The NSW Police Association is backing an Illawarra Mercury campaign to increase sentencing penalties for parents convicted of child neglect, as new research shows officers are at the forefront of identifying such cases in the community.

The Australian Institute of Health and Welfare’s 2016-17 Child Protection Australia report says police officers accounted for 21 per cent of total notifications to child protection services – more than teachers, social workers, doctors or family members.

However, where cases of neglect end in criminal charges in NSW, parents and caregivers in all but the most extreme cases will walk away with only a monetary fine due to the limited sentencing options available under the current legislation.

The Mercury’s State of Neglect campaign is calling on the NSW Government to include jail terms for serious child neglect cases after a Wollongong magistrate expressed frustration at only being able to issue a fine to an Illawarra mother who allowed her children to live in extreme squalor.

Changing the legislation to include jail sentences would allow judicial officers to consider alternative, community-based orders in lieu of prison, such as supervised court bonds that would require an offender to attend rehabilitation or counselling.

The Mercury understands the move has strong support from many rank and file officers in the Illawarra.

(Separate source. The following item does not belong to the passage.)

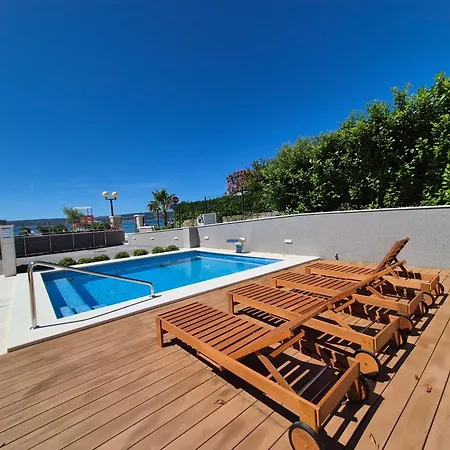 Beachfront Costabella Villa *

Family and Community Services minister Pru Goward has so far refused to publicly commit to introducing new laws to parliament but has ordered a FACS review into the adequacy of the current options.

The NSW Police Association’s Wollongong delegate, Jason Hogan, said any changes – along with additional resources to implement them – would be welcomed by police.

“We support any review that will lead to the judiciary having a range of appropriate sentencing options for matters of child neglect,” he said.

“It must be open to the bench to take action against those who seriously fail in their obligation to care for our most vulnerable people – their kids.

“FACS needs to be properly resourced to respond to children identified by police and other agencies as at risk of harm. When FACS intervention does not improve the situation the courts must have the ability to punish those who continue to neglect their kids”.